## Data Architecture in Training

This training uses **Unity Catalog Volumes for data storage**:

- **Source**: Unity Catalog Volumes (`/Volumes/ecommerce_platform_<user>/default/kion_datasets`)
- **Variable**: `DATASET_BASE_PATH`
- **Purpose**: Demonstration of advanced UC features (Lakeflow, Governance)
- **Example**: `spark.read.csv("/Volumes/ecommerce_platform_trainer/default/kion_datasets/customers/customers.csv")`

> **Note (2025)**: We use Unity Catalog Volumes instead of DBFS for better governance, security, and lineage tracking.

---

In [None]:
# === Catalog and Schema Configuration ===
# Get current user (for production environment)
# raw_user = spark.sql("SELECT current_user()").first()[0]
raw_user = "trainer"  # For training environment

import re

user_slug = re.split(r'[_@]', raw_user, 1)[0]
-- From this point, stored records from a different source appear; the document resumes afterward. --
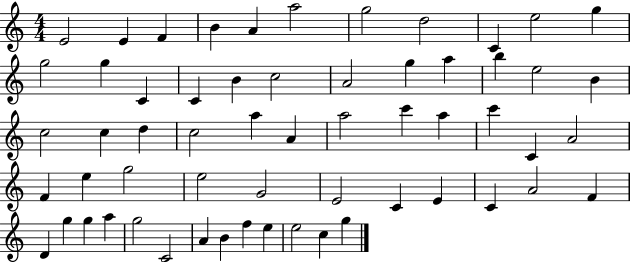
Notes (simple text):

E4/h E4/q F4/q B4/q A4/q A5/h G5/h D5/h C4/q E5/h G5/q G5/h G5/q C4/q C4/q B4/q C5/h A4/h G5/q A5/q B5/q E5/h B4/q C5/h C5/q D5/q C5/h A5/q A4/q A5/h C6/q A5/q C6/q C4/q A4/h F4/q E5/q G5/h E5/h G4/h E4/h C4/q E4/q C4/q A4/h F4/q D4/q G5/q G5/q A5/q G5/h C4/h A4/q B4/q F5/q E5/q E5/h C5/q G5/q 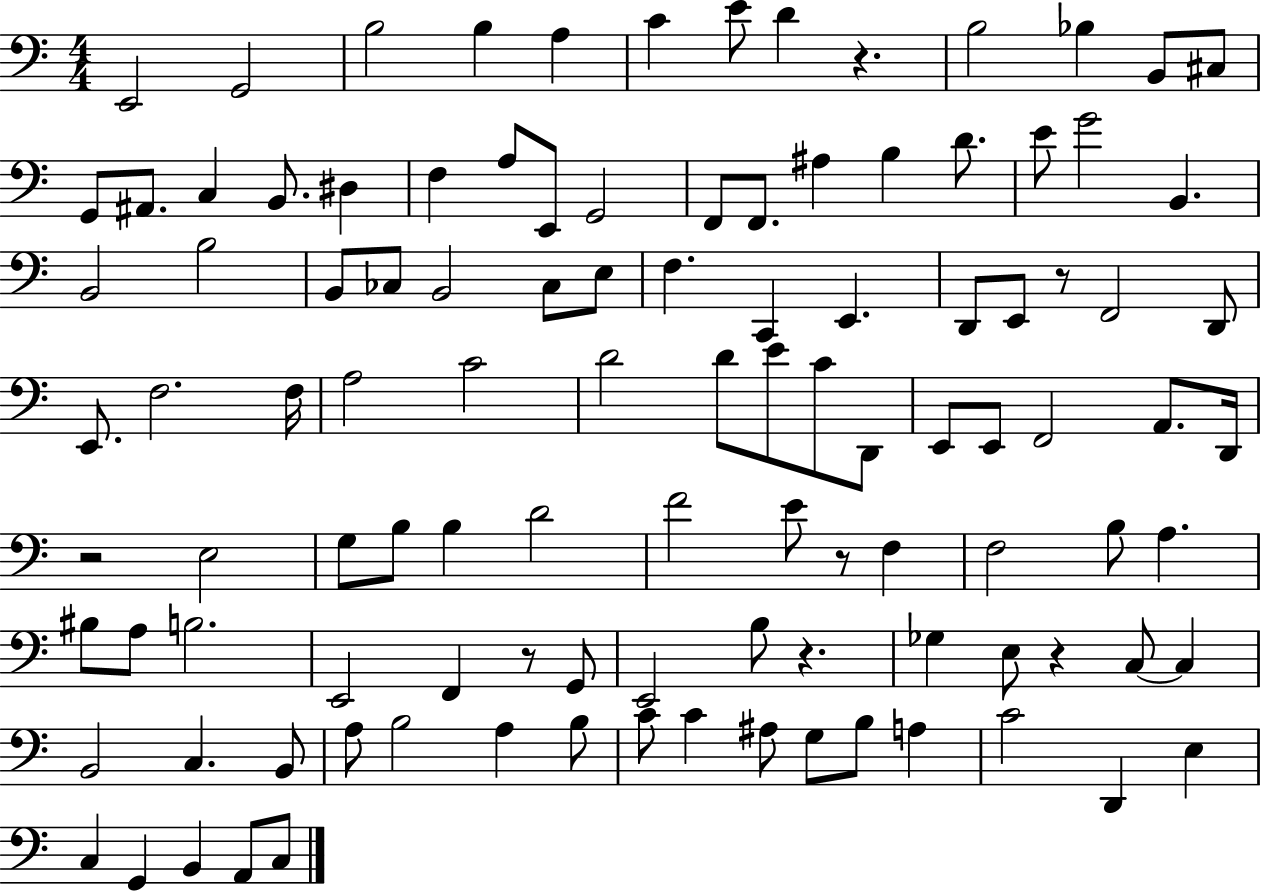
X:1
T:Untitled
M:4/4
L:1/4
K:C
E,,2 G,,2 B,2 B, A, C E/2 D z B,2 _B, B,,/2 ^C,/2 G,,/2 ^A,,/2 C, B,,/2 ^D, F, A,/2 E,,/2 G,,2 F,,/2 F,,/2 ^A, B, D/2 E/2 G2 B,, B,,2 B,2 B,,/2 _C,/2 B,,2 _C,/2 E,/2 F, C,, E,, D,,/2 E,,/2 z/2 F,,2 D,,/2 E,,/2 F,2 F,/4 A,2 C2 D2 D/2 E/2 C/2 D,,/2 E,,/2 E,,/2 F,,2 A,,/2 D,,/4 z2 E,2 G,/2 B,/2 B, D2 F2 E/2 z/2 F, F,2 B,/2 A, ^B,/2 A,/2 B,2 E,,2 F,, z/2 G,,/2 E,,2 B,/2 z _G, E,/2 z C,/2 C, B,,2 C, B,,/2 A,/2 B,2 A, B,/2 C/2 C ^A,/2 G,/2 B,/2 A, C2 D,, E, C, G,, B,, A,,/2 C,/2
# Option 1: Catalog Isolation (Clean code: FROM bronze.orders)
# Requires CREATE CATALOG permissions
CATALOG = f"ecommerce_platform_{user_slug}"
BRONZE_SCHEMA = "bronze"
SILVER_SCHEMA = "silver"
GOLD_SCHEMA = "gold"
ISOLATION_MODE = "Catalog"

# For Databricks environment - Unity Catalog Volume:
DATASET_BASE_PATH = f"/Volumes/ecommerce_platform_trainer/default/kion_datasets"

print(f"Dataset base path: {DATASET_BASE_PATH}")

spark.sql(f'USE CATALOG {CATALOG}')

for s in [BRONZE_SCHEMA, SILVER_SCHEMA, GOLD_SCHEMA]:
    spark.sql(f'CREATE SCHEMA IF NOT EXISTS {CATALOG}.{s}')

# Optionally: Create volume for data if not exists (for training purposes)
spark.sql(f"CREATE SCHEMA IF NOT EXISTS {CATALOG}.default")

display(
    spark.sql(f"DESCRIBE CATALOG EXTENDED {CATALOG}")
)

print(f"✓ User slug: {user_slug}")
print(f"✓ Isolation mode: {ISOLATION_MODE}")
print(f"✓ Working catalog: {CATALOG}")
print(f"✓ Schemas: {BRONZE_SCHEMA}, {SILVER_SCHEMA}, {GOLD_SCHEMA}")